Parker, a 32-year-old from Houston, recently transitioned to poker full-time and currently grinds live low-stakes no-limit hold’em for an income. Poker, as nearly everyone knows by now, is considered a hard way to make an easy living. But for Parker, her background working in ER trauma has helped her handle the bumps in the road better than most.

“When you work in ER you never know what is walking through that door,” Parker said. “You can’t put enough pressure on me, so somebody river-jamming on me is nothing. There is nothing that can happen to me at a poker table compared to what happened to me in the ER.”

That mindset is especially helpful for the higher-variance game Parker plays. “I’m not afraid to shove all in with king-high,” she said of her cash game style.

Add ER nurse to the list of professions that can translate well into poker. High-stress jobs, ones demanding quick decisions where the stakes are high, have often helped people prepare mentally for poker. Workers in the financial industry have often found poker to be a natural fit. Same has gone for some one-time professional video gamers, especially given the micro-tasking component.

Parker has been playing poker less than a decade altogether, with a hiatus mixed in there to focus on work and her daughter, but she re-intensified her passion for the game this past October. Along with the help of a poker coach, Parker is confident about her game going forward. Her rookie year at the WSOP was this summer, and although she didn’t cash in any bracelet events she’s ready to play more tournaments in addition to her regular cash game schedule.

“I want to be the first woman to win the main event,” Parker said of her ultimate goal in tournaments. This summer, the last woman standing was an attorney (another job that translates well into poker) Kelly Minkin, who finished 29th for $211,821. It was the best finish for a woman since Gaëlle Baumann exited 10th in 2012. Many people think it’s just a matter of time before a woman again makes the final table of poker’s most prestigious tournament because of how seriously many are taking the game these days. “More and more women are becoming world-class poker players,” Jennifer Tilly told Card Player this summer in an interview.

Parker has started her journey to try to become world-class.
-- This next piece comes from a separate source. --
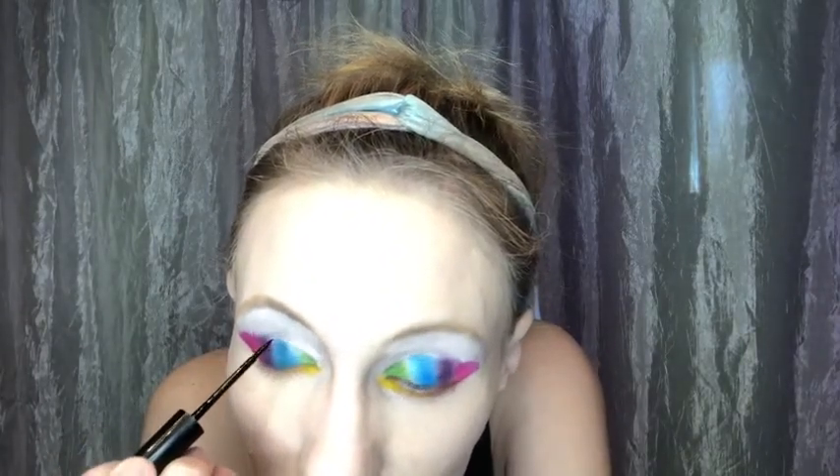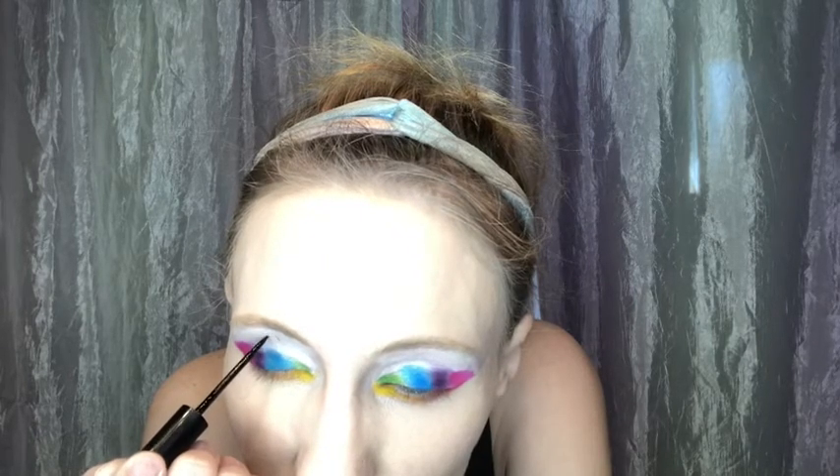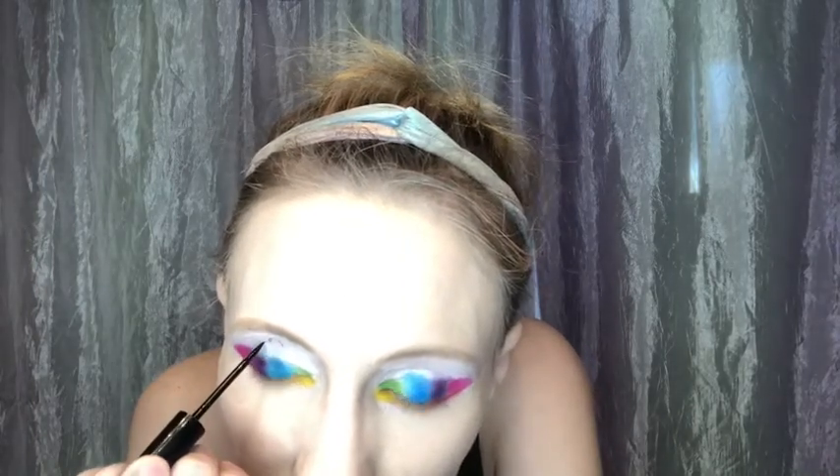Here we go again — I'm going to go up higher this time. I honestly can't tell if that looks like a puzzle piece or a squiggly line.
In addition to winning the main event, she wants to one day “crush” the nosebleed cash game stakes.

She’s among the apparently growing list of women giving poker a very serious look. The game has become less intimidating, many say, and that has opened the doors for women interested in it. Parker added that she has a “thick skin” and you “can’t take things personally” at the poker table. “I am pretty hard to offend,” she said. That’s a helpful mindset to have because huge issues with how many women are treated at the table by some of their male competitors still linger.

“Just get in there and have fun with it,” Parker recommends to other female players.

 
 
 
 

Comments

swallsjr
over 6 years ago

That's too bad. We need more nurses then poker players.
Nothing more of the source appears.